TASK STATEMENT:
Return every record below exactly; leave out the images.

DATA UNDER STUDY:
※ ※ ※
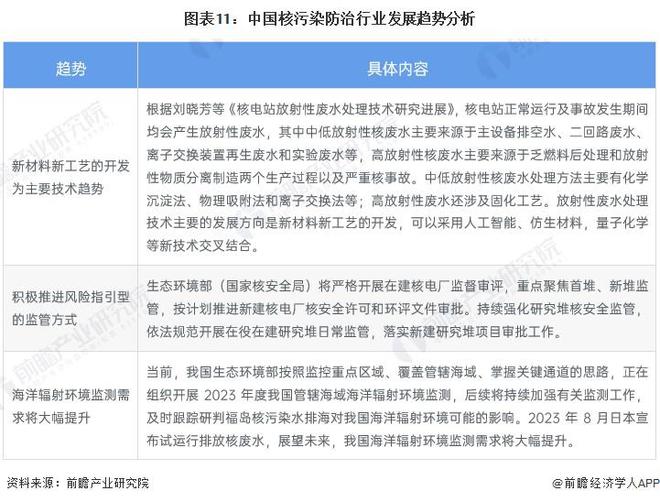 两所高校因串通投标被军方处罚，行业乱象的警示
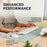 Fellowes Breyta Desk Mat, Sage FPF100139323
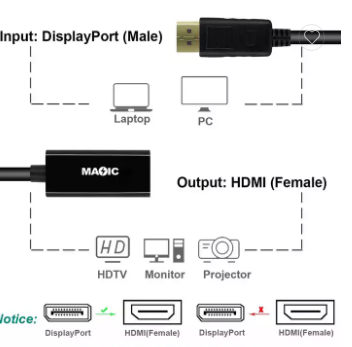 DP ra hdmi 2K 4K dài 20cm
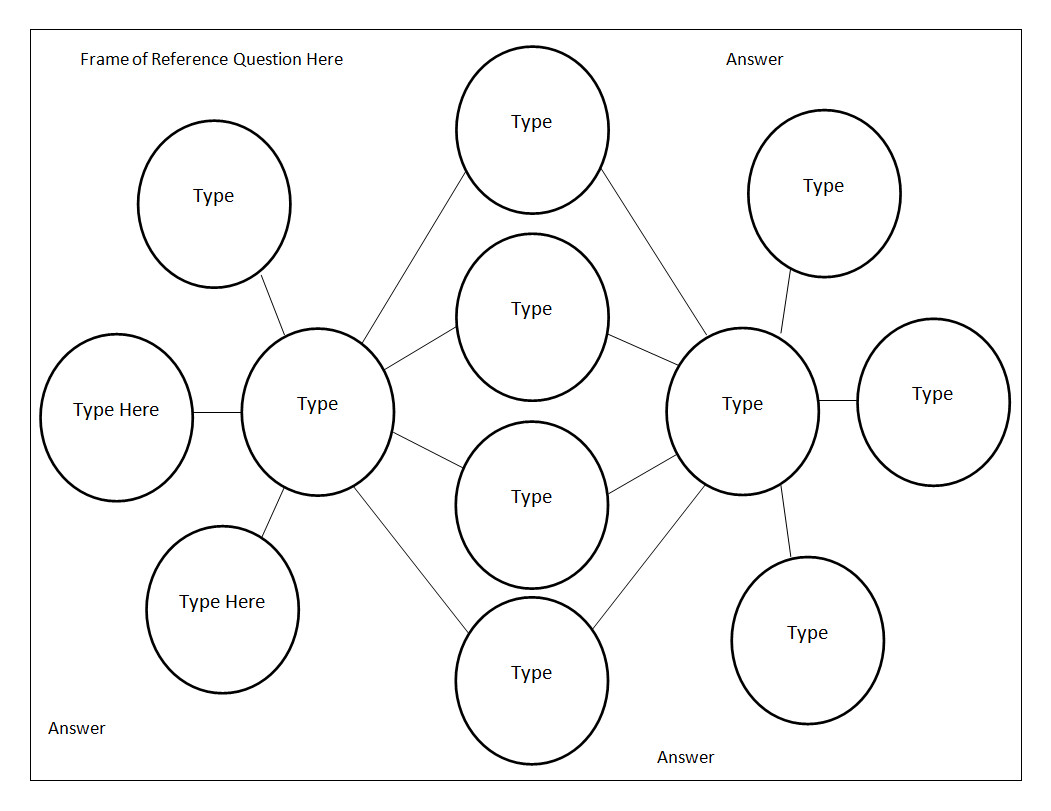 D Bubble Map Template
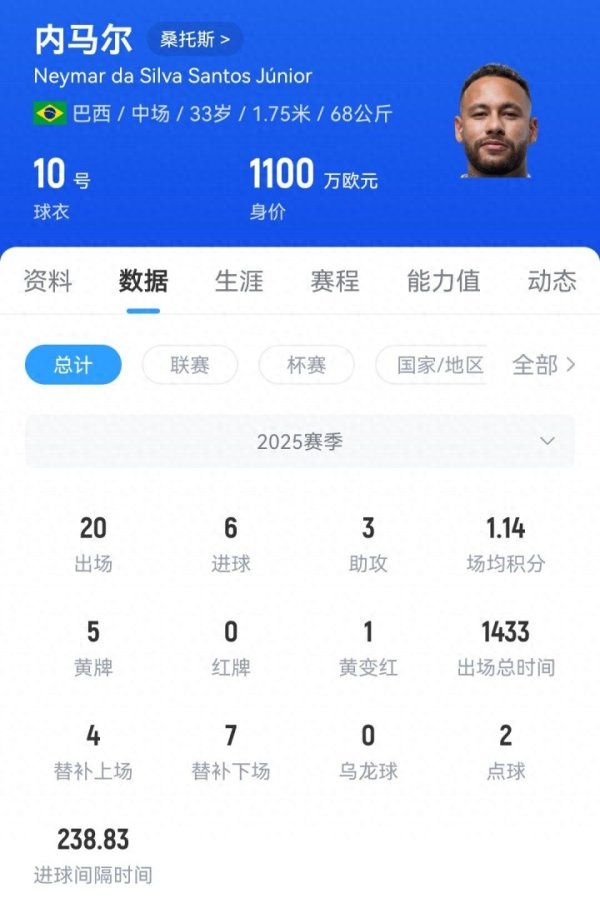 实倍网 33岁内马尔身价剩1100万欧 40岁C罗1200万欧38岁梅西1800万欧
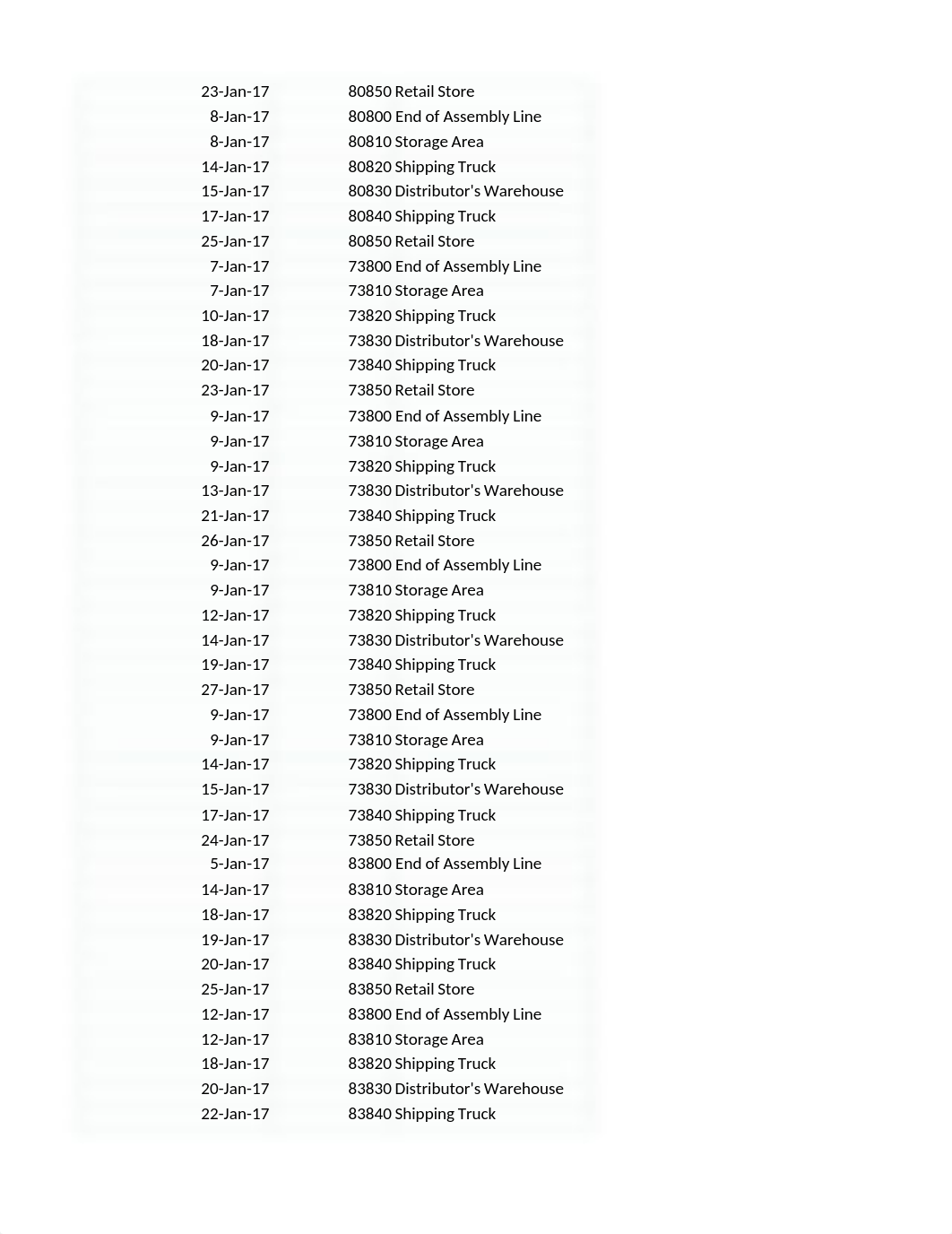 Waingade (Technical assignment using Rfid data) .xlsx_dh81b4v0gy0_page2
※ ※ ※
ANSWER BELOW:
 两所高校因串通投标被军方处罚，行业乱象的警示
 Fellowes Breyta Desk Mat, Sage FPF100139323
 DP ra hdmi 2K 4K dài 20cm
 D Bubble Map Template
 实倍网 33岁内马尔身价剩1100万欧 40岁C罗1200万欧38岁梅西1800万欧
 Waingade (Technical assignment using Rfid data) .xlsx_dh81b4v0gy0_page2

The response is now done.